Menacing Wild Weed Invades South Mississippi - WLOX.com - The News for South Mississippi

08/08/03

Menacing Wild Weed Invades South Mississippi

Mississippi Agriculture Commissioner Lester Spell held up a blade of grass and said "You feel there's a very, very strong courseness to it. There's courseness along the surface of the blade and real sharp on the outside".

The rough blade of grass comes from a very vicious weed. It's called Cogon Grass . Spell calls it the worst weed in Mississippi.

"We see what a massive root system it has? Its root system has very, very sharp tips on the root," Spell said.

It's so sharp, cattle won't eat it, birds won't nest in it, even humans avoid it. Now, Cogon Grass is taking over acres and acres of pastures and pine plantations and suffocating everything in its path.

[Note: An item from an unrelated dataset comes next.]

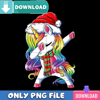 Dabbing Unicorn Santa PNG Perfect Files Design Download.jpg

"So many people today are still unaware of the presence of it and how fast it spreads. Wind can spread the seeds maybe 15 miles. Because it's so dominating, it completely destroys any other type of plant life. It doesn't take it very long to completely ruin pastures by taking over. If you were to plant young pine trees, by this time next year, it would completely kill everyone of them. It dominates anything. Nothing can live within it," Spell said.

The weed is growing so fast, it now covers some 50 counties in Mississippi. Cogon Grass is not just a nuisance, it's also dangerous.

"Because it grows so dense in pastures and around trees and plantation pines, if a fire gets in it, it causes such a dense hot fire," Spell said.

The Agriculture Department is now going on the attack. Armed with a $250,000 federal grant, the department bought herbicide to weaken this aggressive weed.

"This is a wonderful program that really allows a landowner to come in in the early stages, get it treated, get it killed and get back to the good use of the property," Spell said.

The State Agriculture Department plans to distribute the herbicide to landowners to spray up to 80 properties throughout Mississippi. The department is applying for another federal grant to continue the program next year.